Modern image networks have millions of parameters; large language models have hundreds of billions.

Training neural networks

The training procedure has three components:

Loss function. For regression, mean squared error. For binary classification, binary cross-entropy. For multi-class classification, categorical cross-entropy.

Backpropagation. The algorithm for computing the gradient of the loss with respect to every parameter in the network. Uses the chain rule of calculus, applied layer-by-layer from the output backward. Chapter 7 covers the algorithm in detail.

Optimisation. Use the gradient to update parameters in the direction that reduces the loss. The basic algorithm is gradient descent (Chapter 4); modern variants like Adam, SGD with momentum, and RMSProp are the practical choices.

The training loop:

Initialise weights randomly.
Forward-propagate a batch of training examples through the network.
Compute the loss.
Backward-propagate to compute gradients.
Update parameters with an optimiser step.
Repeat until convergence.

Each pass through the entire training set is an epoch. Training typically runs for many epochs, with the validation loss watched to stop training when generalisation starts to degrade.

Architectural choices

Building a neural network involves many design decisions:

Number of layers (depth). Too few — underfitting. Too many — overfitting and harder to train.
Number of neurons per layer (width). Similar trade-off.
Activation function. ReLU is the standard default. Sigmoid for output of binary classification. Softmax for output of multi-class. Tanh and leaky ReLU as alternatives.
Output layer. One neuron with sigmoid for binary; $K$ neurons with softmax for $K$ -class multi-class; one neuron without activation for regression.
Regularisation. Weight decay (L2 penalty), dropout, batch normalisation, early stopping.
Optimiser. Adam is a safe default. SGD with momentum is sometimes better for very large models.
Learning rate. A critical hyperparameter. Often the most important to tune.
Batch size. Number of examples per gradient update. 32, 64, 128, 256 are common choices.

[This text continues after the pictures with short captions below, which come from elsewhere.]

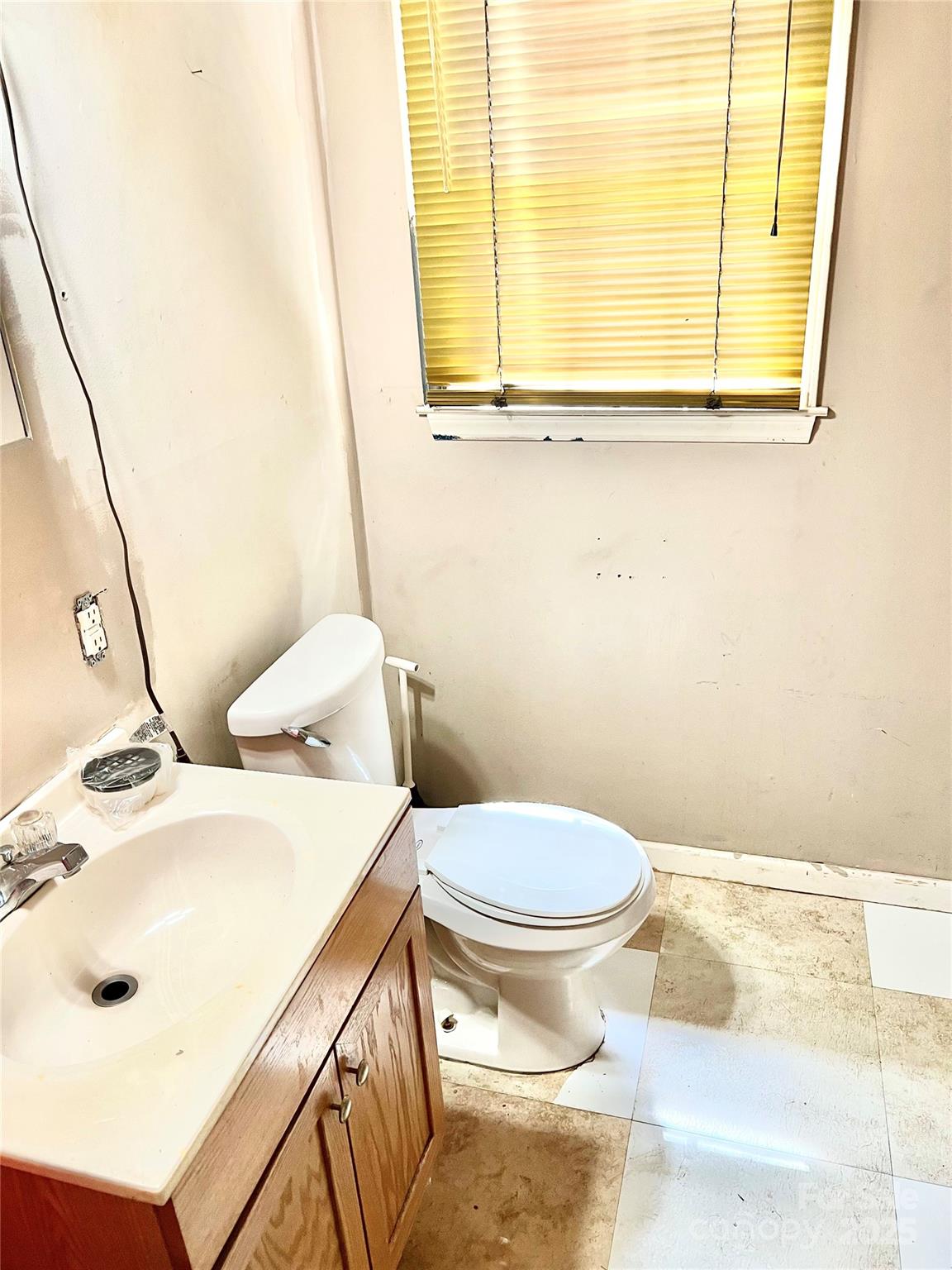 1111 S Skyland Drive Property Photo 38
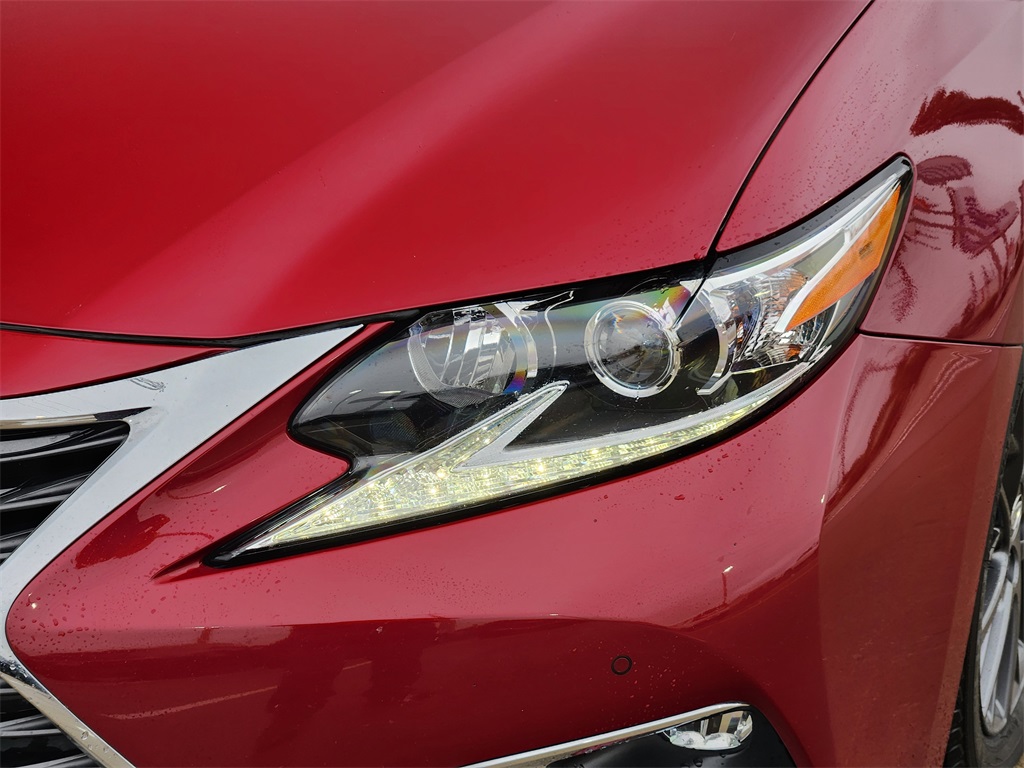 2018 Lexus ES 350 Red at Ultimate Motorsports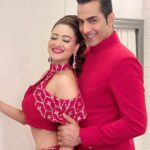 Madalsa Sharma Instagram - When Vanraj and Kavya come together, it’s magic and it’s called #vanya❤️ Watch us tonight 8pm on @starplus Ravivaar With Star Parivaar✨ @sudanshu_pandey #RavivaarWithStarParivaar #TeamAnupamaWins #starplus #disneyplushotstar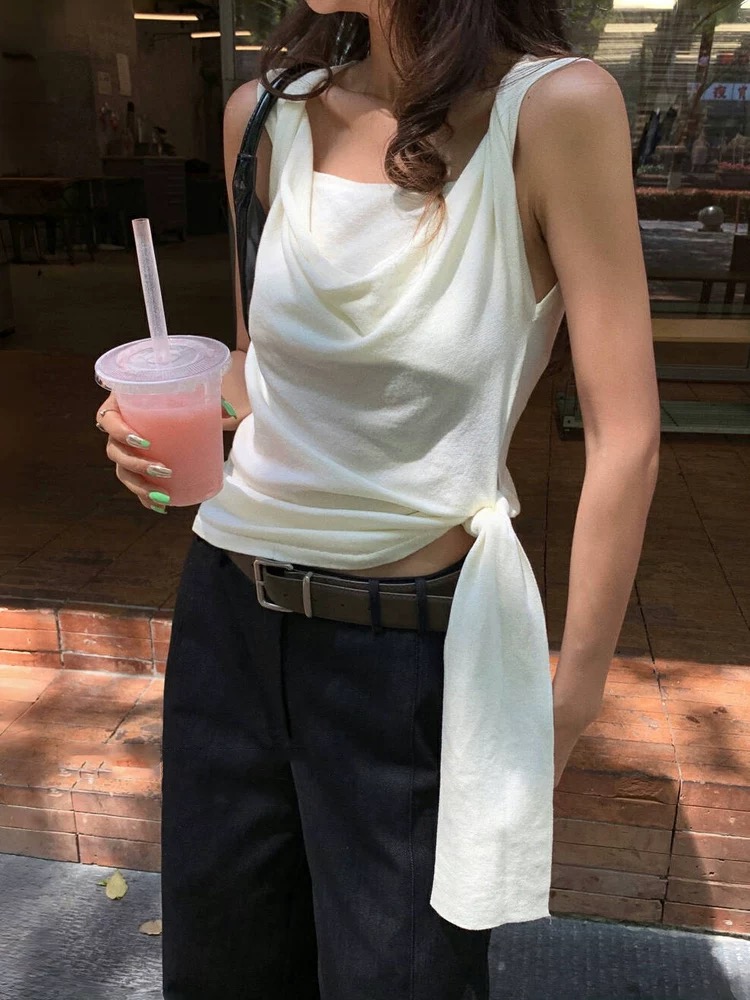 프랑스식 흔들다 칼라 페이크 레이어드 민소매 티셔츠 여성 여름 허리 수축 디자인 센스 작은 대중 스트랩 고급 센스 쇼트 스타일 맨위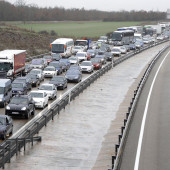 dgt-alerta-desplazamientos-puente-mayo
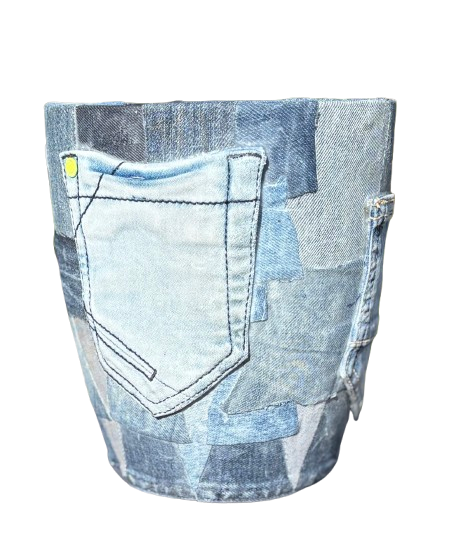 Een bucket bag van gerecycled denim met lichtblauwe patchwork en een voorvak.
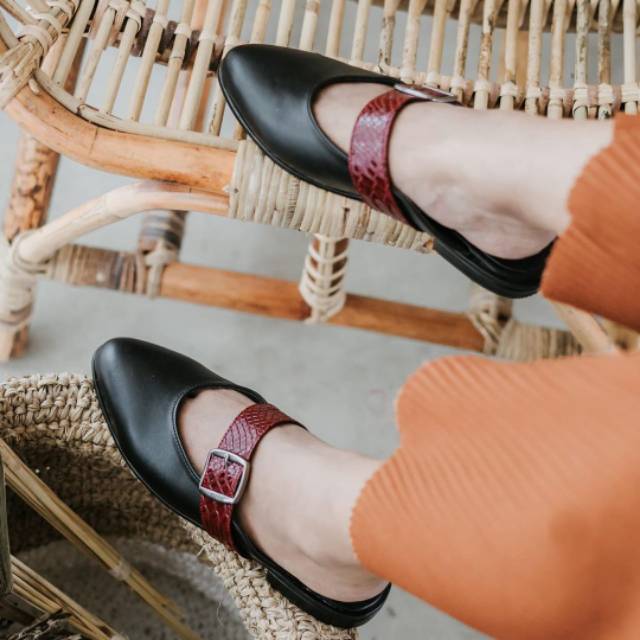 Sepatu Dianable Mecca Croco Black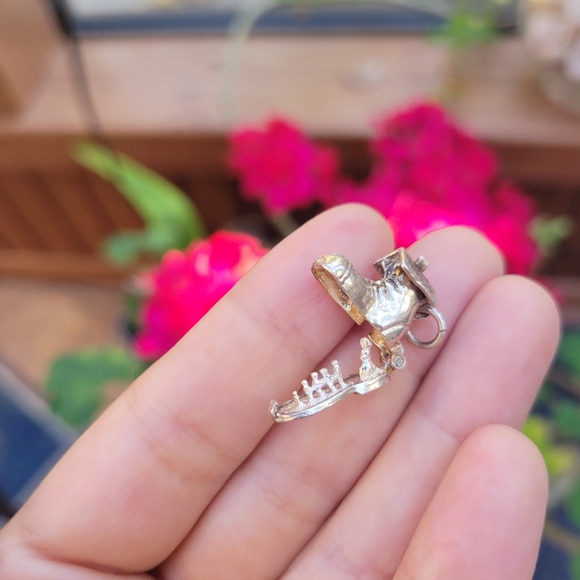 Vintage Antique Solid 925 Sterling Silver Nursery Rhyme Shoe Boot Charm - Picture 14 of 16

Choosing these is the art of neural-network engineering. There are heuristics but no universal rules.

Specialised architectures

For specific data types, specific architectures work much better than generic MLPs:

Convolutional Neural Networks (CNNs). For images. Chapter 7.
Recurrent Neural Networks (RNNs). For sequences. Chapter 7.
Transformers. For text and increasingly for everything. Brief coverage in Chapter 7.
Graph Neural Networks. For graph-structured data.

The MLP remains the natural fit for tabular data — credit-scoring features, transaction features, structured forms. For other data types, specialised architectures are usually better.

3.5 Decision trees

Decision tree representation

A decision tree is a supervised-learning model that recursively splits the input space into regions based on feature-threshold tests at internal nodes, with predictions made at the leaf nodes, producing a piecewise-constant approximation of the target function.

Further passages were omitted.